Face of Defense: Sailors Handle Variety of Tasks
By Navy Petty Officer 1st Class Nathanael Miller
U.S. Naval Forces Central Command
ARABIAN GULF, Jan. 19, 2011 Armed with scissors, clippers, keys to the ship's store and laundry detergent, the sailors who wear the crossed quill and key of the ship's serviceman, or SH, rating badge provide a multitude of services to the crew of amphibious transport dock USS Ponce.
Navy Petty Officer 2nd Class Harlan Jones, a ship’s serviceman, trims Navy Petty Officer 2nd Class Patrick Smith's hair in the barber shop aboard amphibious transport dock USS Ponce in the Arabian Gulf, Dec. 22, 2010. USS Ponce is part of Kearsarge Amphibious Ready Group, supporting maritime security operations and theater security cooperation efforts in the U.S. 5th Fleet area of responsibility. U.S. Navy photo by Petty Officer 1st Class Nathanael Miller
(Click photo for screen-resolution image);high-resolution image available.

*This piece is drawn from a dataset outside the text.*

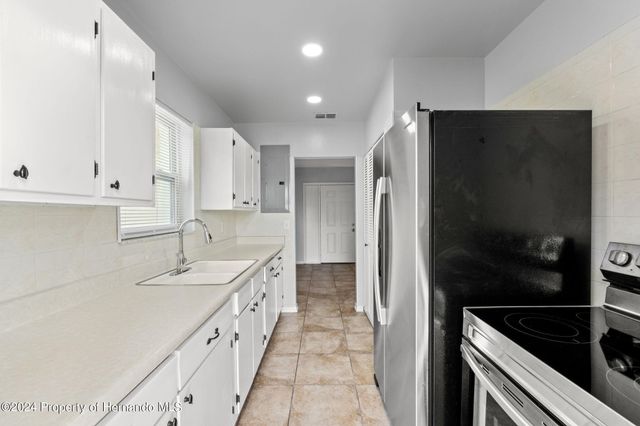 6314 Holiday Drive, Spring Hill, FL 34606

Navy Petty Officer 2nd Class Harlan Jones, clad in a black barber's smock and awaiting his next customer, said the ship's serviceman rating brings a variety of services to Ponce.
"Ship's servicemen provide services to the crew, generally anything other than what the culinary specialists provide and general parts the logistical specialists provide," he explained. Culinary specialists provide food service for the crew, while logistical specialists are responsible for all supply matters, but a gap still exists, Jones added, and the ship's serviceman rating fills that gap.
"We run the barber shop, ship's store, and laundry all at once,” Jones said. “There's an SH in every one of them," he said.
Navy Petty Officer 3rd Class Eric Chandler noted that sailors require several skill sets to be successful in handling the rating’s diverse responsibilities. Security, laundry, sales, retail management and barber services are some of the skills a sailor must master to qualify, he said.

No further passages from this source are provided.